━━━━━ PROVIDED ENTRIES

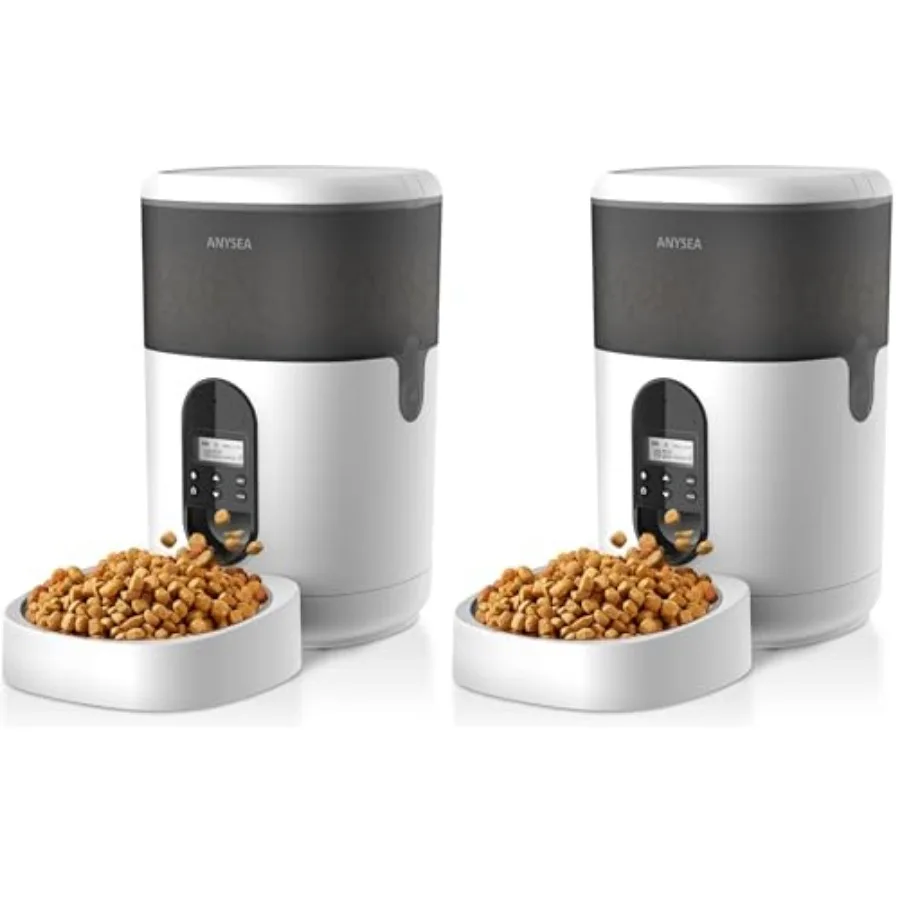 

Automatic Cat Feeders: Timed Pet Feeder for Cats and Dogs with LCD Display Programmable Portion Control Automatic Cat Food Disp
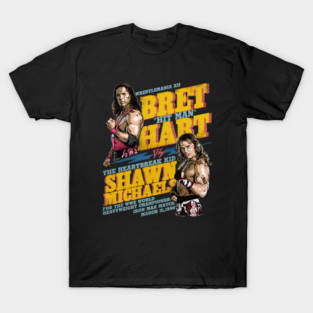 Bret Hart Vs. Shawn Michaels Wrestlemania XII T-Shirt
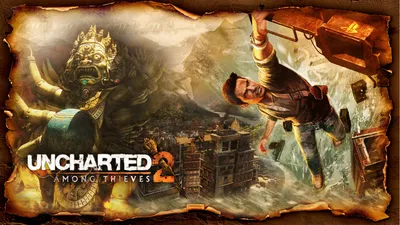 Action Scenes Uncharted Nature Wallpaper 4K 1920x1080 Hd, Wallpaper, Featuring, Action, Scenes, From, Uncharted:, 2, Among, Thieves, Showcasing, Orange, White, Ultrawide, Full HD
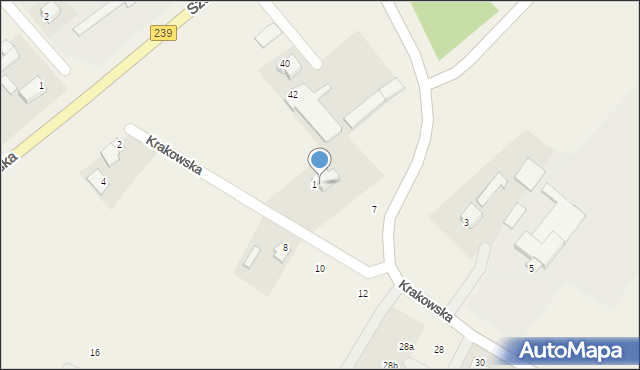 Wilcze, Krakowska, 1, mapa Wilcze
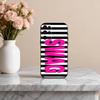 C-Clmj L-Leopard P-Print SWAG Custodia per Telefono Per Samsung S25,24,23,22,30,21,10,9,Ultra,Plus,Lite,FE,4,5 G Custodia Morbida Nera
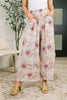 Follow the Flow Wide Leg Floral Bottoms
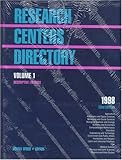 Research Center Directory, , 078761341X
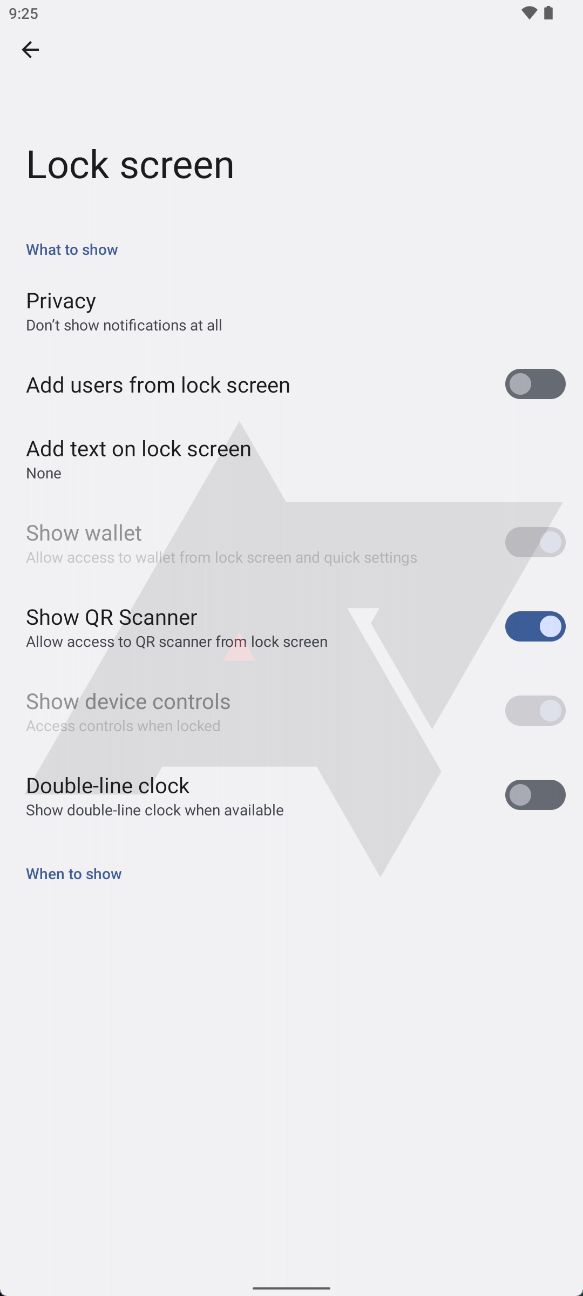 android 13 qr scanner option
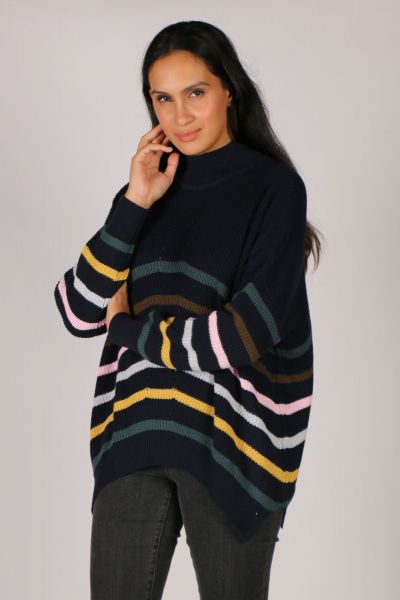 Rainbow Jumper In Navy By Foil
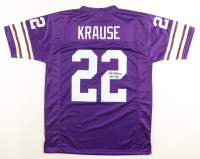 Paul Krause Signed Jersey Inscribed "HOF 98" (JSA) at PristineAuction.com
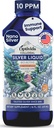 Optivida Health Nano Colloidal Silver Liquid (1 LB) – Imunska podpora dodatki s srebrovo hidrosol, Tekoča za imuno podporo, Koloidno srebro za imunski sistem, 10 PPM.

━━━━━━━━━━

> **HOW TO COMPLETE THIS TASK**
Every entry above needs to be copied exactly, apart from its pictures.

> **SOLVED PROBLEM**
Automatic Cat Feeders: Timed Pet Feeder for Cats and Dogs with LCD Display Programmable Portion Control Automatic Cat Food Disp
 Bret Hart Vs. Shawn Michaels Wrestlemania XII T-Shirt
 Action Scenes Uncharted Nature Wallpaper 4K 1920x1080 Hd, Wallpaper, Featuring, Action, Scenes, From, Uncharted:, 2, Among, Thieves, Showcasing, Orange, White, Ultrawide, Full HD
 Wilcze, Krakowska, 1, mapa Wilcze
 C-Clmj L-Leopard P-Print SWAG Custodia per Telefono Per Samsung S25,24,23,22,30,21,10,9,Ultra,Plus,Lite,FE,4,5 G Custodia Morbida Nera
 Follow the Flow Wide Leg Floral Bottoms
 Research Center Directory, , 078761341X
 android 13 qr scanner option
 Rainbow Jumper In Navy By Foil
 Paul Krause Signed Jersey Inscribed "HOF 98" (JSA) at PristineAuction.com
 Optivida Health Nano Colloidal Silver Liquid (1 LB) – Imunska podpora dodatki s srebrovo hidrosol, Tekoča za imuno podporo, Koloidno srebro za imunski sistem, 10 PPM.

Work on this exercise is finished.